Additionally, I am on the Be the Match bone marrow registry. In college I matched a patient with leukemia and went on through the whole process to donate bone marrow. I ended up getting very involved, interning and volunteering with Be the Match, educating others about the process. Due to my newly-embraced sexuality, I am prohibited from donating — even though, having gone through the process and having explained the donation process to hundreds of people, I know that there is basically no way someone who is HIV positive could make it through the screening. Overall, it just makes me frustrated and sad that I can’t participate in blood or bone marrow donation any longer even though I am committed to ensuring that I am a healthy donor.
Jack Hatchett, 29
Although I now choose to lie about my sexual history and identity (answering truthfully and confidently about my sexual health) in order to contribute to what I consider an important civic duty, I was dissuaded for years after an embarrassing interview at a Red Cross drive when I was a college freshman in 2006. Several of my friends within earshot learned this about me in the context of a confession and I was lucky that they joined me in astonishment and anger at the regulation.
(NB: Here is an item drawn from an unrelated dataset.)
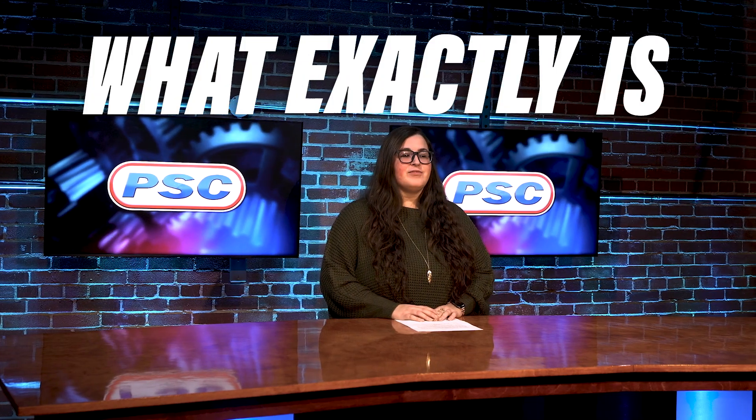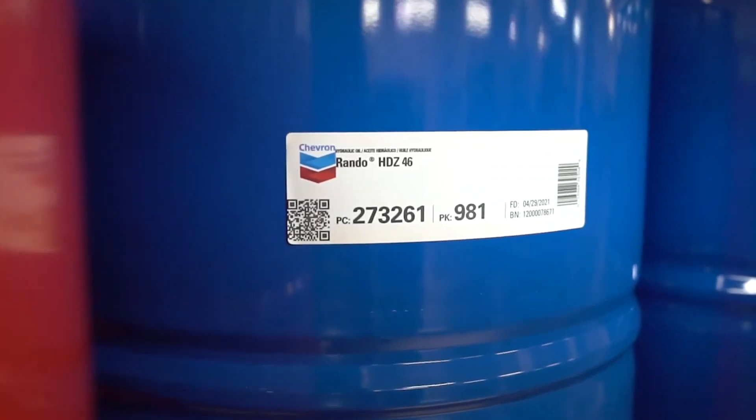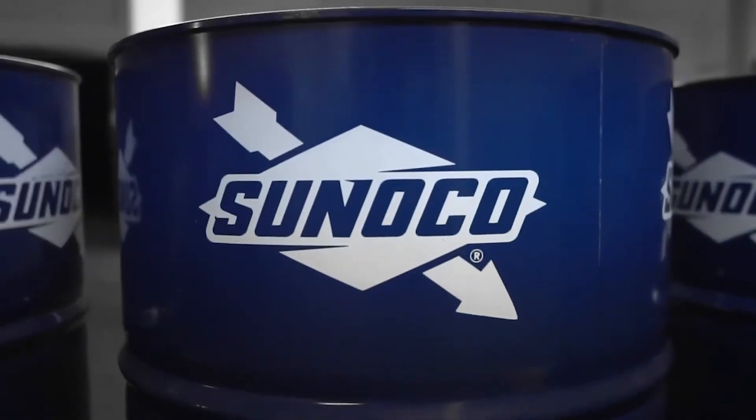Is the majority of your budget going towards shipping costs? Hey guys, Ali here from Petroleum Service Company, and you might be asking yourself what exactly is that flat rate shipping option at PSC? Flat rate is a weight-based, cost-friendly program available for customers requiring freight carrier shipments to a multitude of different locations across the northeast.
I wanted to direct my anger at the lab tech who put my sexuality on trial and denied my donation, but I saw that she was pained by the situation as well, and thinking how often she must go through it, I left quietly. I believe I’m making a better decision today when I answer negatively, but the law and the need for healthy blood like mine make an ethically perfect decision impossible.
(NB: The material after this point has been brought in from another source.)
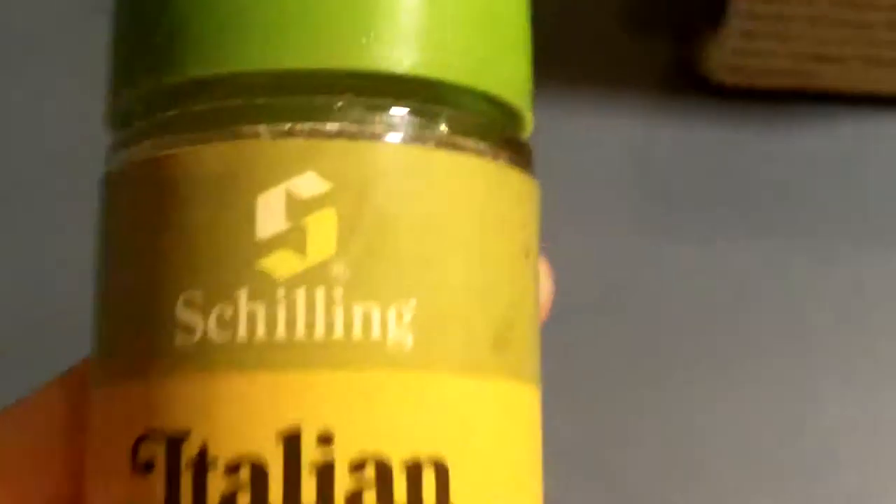It's just so hard to do this solo, I'll tell you. I'll show you what it looks like real quick — never used. And here's a Shilling Italian seasoning.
Tracy Matthew Burridge, 48
After the Pulse massacre, I decided to donate blood for the first time in 48 years. I knew there was a ban on homosexual donations but I do not have HIV and I am on PrEP so I wanted to do my part. I heard there was a temp lift on the ban so I went in. I was turned away. The door to the office I was in was closed and I was told I would need to abstain from sex with the man I am in a relationship for a year and then I would be eligible. I am type O blood and find it incredible that my blood is being turned away because of my genetic predisposition to being attracted to other men.
Jack S., 32
I’ve never been banned because I’ve always lied about my sexuality and sexual activity. As a gay man who tested every three months, I was confident I was lying for a greater good without putting others at risk. The act of hiding who I am in order to potentially save a life, though, was stressful and shameful. Whenever I wanted to do this good act, I was reminded that, to some people, even my blood was “less than.”
Robert Ferguson, 41
I grew up and attended school from K-12 in a small town of fewer than 1,000 people. I knew from an age when I was young enough to have attraction, but not yet know about sex, that I was solely interested in the same gender. I was a virgin, and didn’t “come out” until I turned 31 for a number of reasons.
When I was a senior in high school, I had my first opportunity to donate blood. I did so proudly, and every time afterward when a blood drive was held. At this stage of my life, I remained almost certain I would never have the chance at sex, as I’d never known a homosexual and figured that would never change. Finally, again I was 31, and whether it was from loneliness or enlightenment, all this changed. The next time I visited a bloodmobile, I had recently been tested for HIV. I tested negative and remain so to this day. When I came to that question, I felt confident in lying and donated. I hated lying though, and have never attempted to donate since.